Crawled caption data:
Content starts

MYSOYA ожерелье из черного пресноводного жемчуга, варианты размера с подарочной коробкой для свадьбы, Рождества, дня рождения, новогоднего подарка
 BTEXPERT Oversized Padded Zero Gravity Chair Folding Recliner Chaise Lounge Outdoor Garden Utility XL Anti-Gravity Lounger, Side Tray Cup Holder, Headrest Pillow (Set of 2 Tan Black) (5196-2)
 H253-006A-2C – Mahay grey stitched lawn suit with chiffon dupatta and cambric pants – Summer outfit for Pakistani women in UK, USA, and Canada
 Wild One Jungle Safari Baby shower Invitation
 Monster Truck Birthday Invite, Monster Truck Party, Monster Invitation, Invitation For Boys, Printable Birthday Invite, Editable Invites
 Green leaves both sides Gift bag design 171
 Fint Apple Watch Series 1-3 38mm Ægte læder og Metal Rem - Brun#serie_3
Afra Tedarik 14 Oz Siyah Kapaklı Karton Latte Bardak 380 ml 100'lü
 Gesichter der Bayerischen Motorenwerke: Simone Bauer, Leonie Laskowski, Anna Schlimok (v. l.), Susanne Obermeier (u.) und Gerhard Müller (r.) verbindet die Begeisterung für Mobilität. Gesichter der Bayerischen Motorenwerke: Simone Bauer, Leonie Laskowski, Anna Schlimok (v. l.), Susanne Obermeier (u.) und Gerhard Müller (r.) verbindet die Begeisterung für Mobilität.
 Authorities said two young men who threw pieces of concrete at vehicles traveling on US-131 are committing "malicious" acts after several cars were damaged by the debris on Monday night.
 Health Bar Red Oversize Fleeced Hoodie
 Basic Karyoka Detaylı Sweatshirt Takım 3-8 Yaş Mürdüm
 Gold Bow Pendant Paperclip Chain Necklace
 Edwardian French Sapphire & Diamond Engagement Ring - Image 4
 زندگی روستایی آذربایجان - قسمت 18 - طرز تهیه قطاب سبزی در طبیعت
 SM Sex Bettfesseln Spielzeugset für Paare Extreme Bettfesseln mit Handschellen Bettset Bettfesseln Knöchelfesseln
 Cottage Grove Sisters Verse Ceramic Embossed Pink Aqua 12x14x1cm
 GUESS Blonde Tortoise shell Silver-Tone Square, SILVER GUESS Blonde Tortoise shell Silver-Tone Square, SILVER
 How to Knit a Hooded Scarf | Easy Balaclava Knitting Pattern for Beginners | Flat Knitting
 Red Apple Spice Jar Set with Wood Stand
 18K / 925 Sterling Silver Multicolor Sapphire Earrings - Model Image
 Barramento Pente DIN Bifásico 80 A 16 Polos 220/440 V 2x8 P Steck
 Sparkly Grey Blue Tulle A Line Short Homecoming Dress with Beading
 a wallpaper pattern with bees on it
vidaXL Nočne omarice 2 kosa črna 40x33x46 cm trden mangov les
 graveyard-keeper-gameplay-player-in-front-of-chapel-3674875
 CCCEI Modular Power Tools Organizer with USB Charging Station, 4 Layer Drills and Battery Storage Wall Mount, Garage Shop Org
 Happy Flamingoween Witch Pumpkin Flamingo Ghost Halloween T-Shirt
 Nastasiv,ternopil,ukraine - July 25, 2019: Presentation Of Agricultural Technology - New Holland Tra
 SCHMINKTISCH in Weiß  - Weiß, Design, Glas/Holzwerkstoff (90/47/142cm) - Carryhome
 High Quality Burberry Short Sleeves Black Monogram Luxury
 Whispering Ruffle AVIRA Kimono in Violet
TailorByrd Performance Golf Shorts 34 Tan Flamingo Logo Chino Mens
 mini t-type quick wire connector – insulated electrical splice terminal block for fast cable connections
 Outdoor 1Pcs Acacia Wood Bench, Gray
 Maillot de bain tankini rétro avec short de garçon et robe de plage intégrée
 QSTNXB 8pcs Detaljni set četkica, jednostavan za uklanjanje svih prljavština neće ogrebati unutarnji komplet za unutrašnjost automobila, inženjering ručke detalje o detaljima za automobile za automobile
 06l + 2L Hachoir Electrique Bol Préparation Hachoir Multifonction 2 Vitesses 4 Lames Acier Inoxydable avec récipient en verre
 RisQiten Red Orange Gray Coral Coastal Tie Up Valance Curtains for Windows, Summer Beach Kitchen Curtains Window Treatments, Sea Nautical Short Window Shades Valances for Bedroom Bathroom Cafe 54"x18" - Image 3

Content ends

Above are the lines; repeat exactly the ones from the line containing "Barramento Pente DIN" down to the line containing "Whispering Ruffle AVIRA Kimono in Violet", both inclusive.

TASK RESPONSE >>
 Barramento Pente DIN Bifásico 80 A 16 Polos 220/440 V 2x8 P Steck
 Sparkly Grey Blue Tulle A Line Short Homecoming Dress with Beading
 a wallpaper pattern with bees on it
vidaXL Nočne omarice 2 kosa črna 40x33x46 cm trden mangov les
 graveyard-keeper-gameplay-player-in-front-of-chapel-3674875
 CCCEI Modular Power Tools Organizer with USB Charging Station, 4 Layer Drills and Battery Storage Wall Mount, Garage Shop Org
 Happy Flamingoween Witch Pumpkin Flamingo Ghost Halloween T-Shirt
 Nastasiv,ternopil,ukraine - July 25, 2019: Presentation Of Agricultural Technology - New Holland Tra
 SCHMINKTISCH in Weiß  - Weiß, Design, Glas/Holzwerkstoff (90/47/142cm) - Carryhome
 High Quality Burberry Short Sleeves Black Monogram Luxury
 Whispering Ruffle AVIRA Kimono in Violet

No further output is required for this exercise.